▶ _Your instructions_:
When you restate the entries that follow, keep every word exactly and drop the pictures.

Saved data entries:
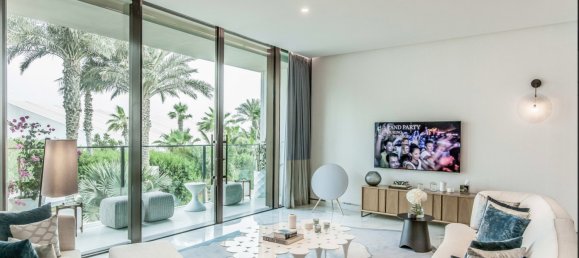 2 bedrooms Penthouse in THE ROYAL ATLANTIS RESORTS & RESIDENCES, Dubai, UAE No. 57765 14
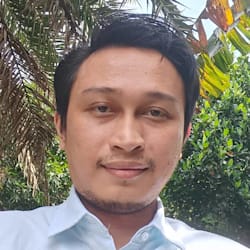 affiqag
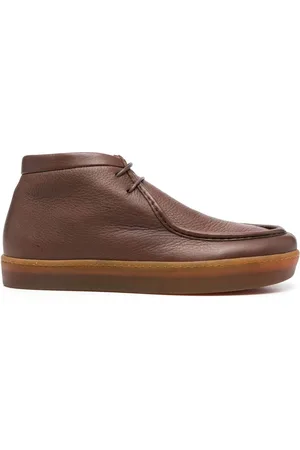 HENDERSON BARACCO Botines Miguel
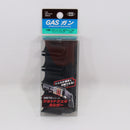 【中古即納】[MIL] 東京マルイ ガスショットガン M870シリーズ用ショットシェルホルダー(20140822)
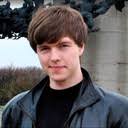 Denis Markov ... Brenda Markovic auf xing.com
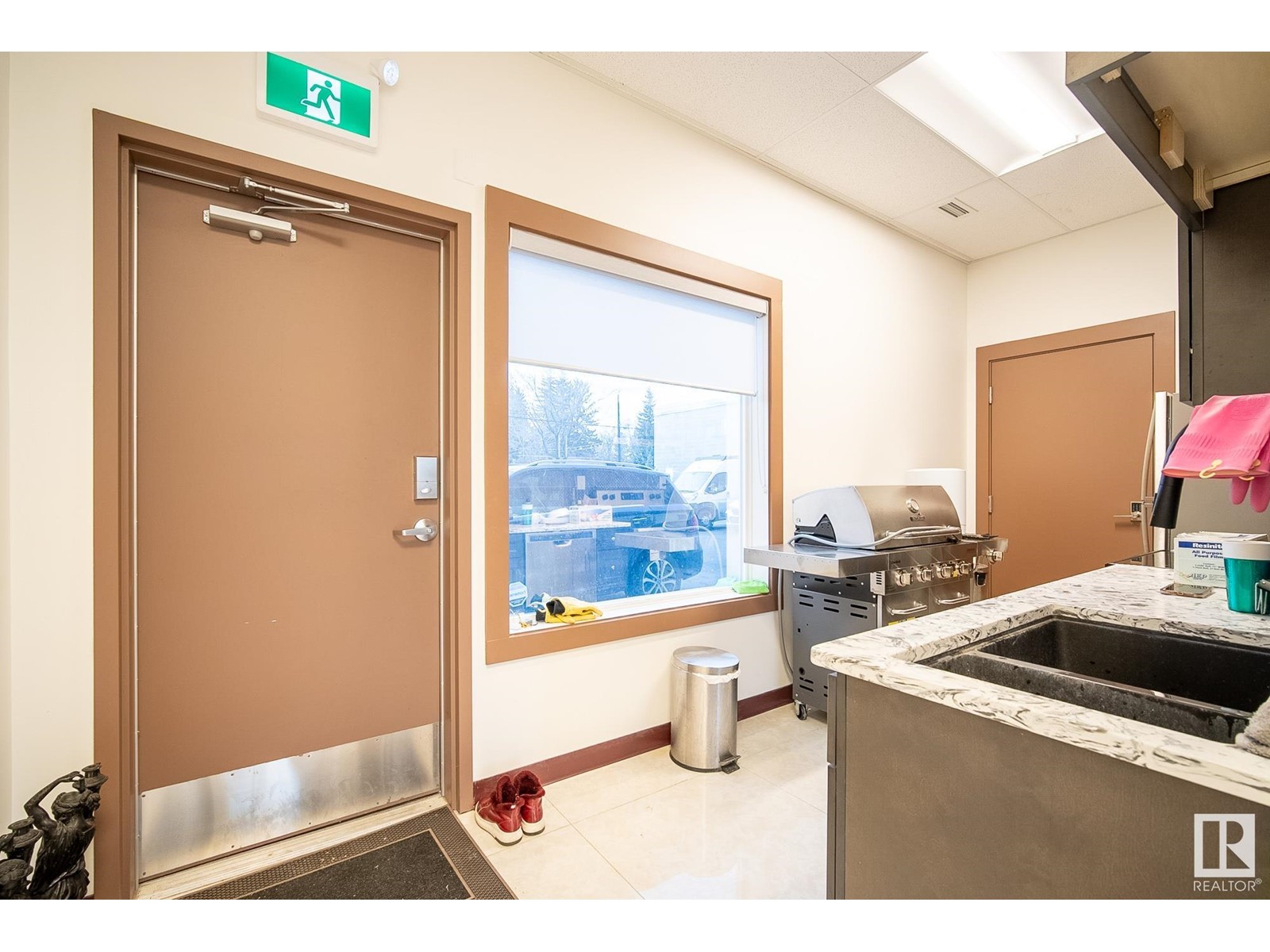 6410 104 St Nw Nw, Edmonton, Alberta  T6H 2L2 - Photo 8 - E4424924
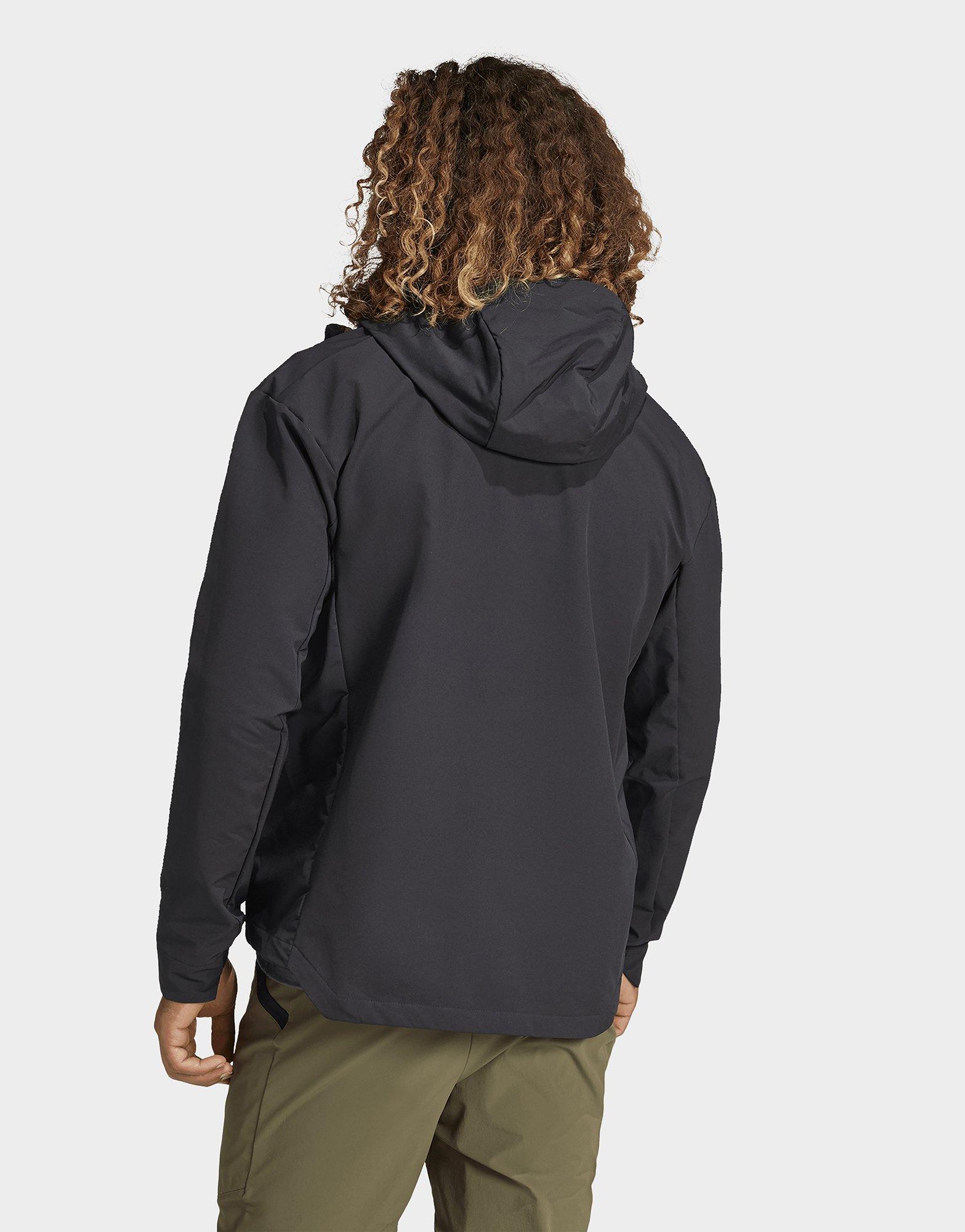 adidas Terrex ADI M MT SOSH FD JKT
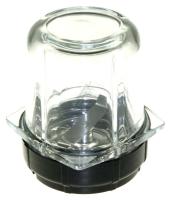 17654 MINIHAKKER FOR BLENDER " LE MIXER"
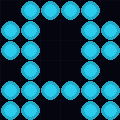 167.148.140.52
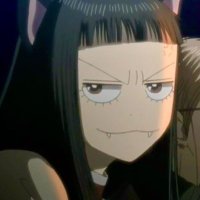 @vivi🪬 (@mangostickygirl) 's Twitter Profile Photo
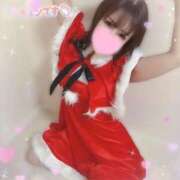 凛々花-りりか【FG系列】 会いにゆきます ほんとうの人妻　柏店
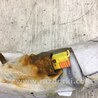 ФОТО Airbag сидения для Ford Focus 3 (01.2010 - 03.2018) Киев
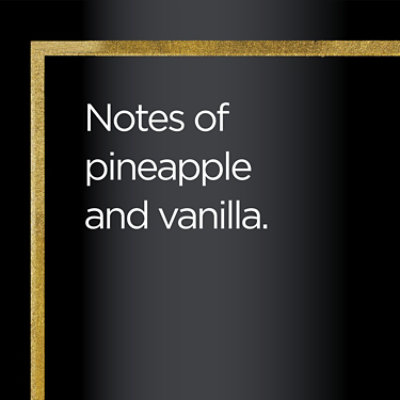 Black Box Low Calorie Brilliant Chardonnay Wine - 3 LT - Image 3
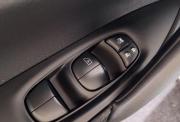 Nissan Qashqai II Ярославль  - изображение 40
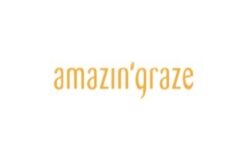 Amazin Graze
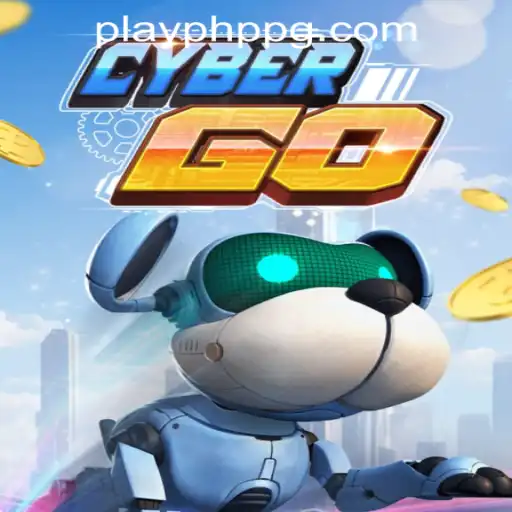 Exploring CyberGO: An Innovative Gaming Experience with PHP PG Casino Login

▶ _Result below_:
 2 bedrooms Penthouse in THE ROYAL ATLANTIS RESORTS & RESIDENCES, Dubai, UAE No. 57765 14
 affiqag
 HENDERSON BARACCO Botines Miguel
 【中古即納】[MIL] 東京マルイ ガスショットガン M870シリーズ用ショットシェルホルダー(20140822)
 Denis Markov ... Brenda Markovic auf xing.com
 6410 104 St Nw Nw, Edmonton, Alberta  T6H 2L2 - Photo 8 - E4424924
 adidas Terrex ADI M MT SOSH FD JKT
 17654 MINIHAKKER FOR BLENDER " LE MIXER"
 167.148.140.52
 @vivi🪬 (@mangostickygirl) 's Twitter Profile Photo
 凛々花-りりか【FG系列】 会いにゆきます ほんとうの人妻　柏店
 ФОТО Airbag сидения для Ford Focus 3 (01.2010 - 03.2018) Киев
 Black Box Low Calorie Brilliant Chardonnay Wine - 3 LT - Image 3
 Nissan Qashqai II Ярославль  - изображение 40
 Amazin Graze
 Exploring CyberGO: An Innovative Gaming Experience with PHP PG Casino Login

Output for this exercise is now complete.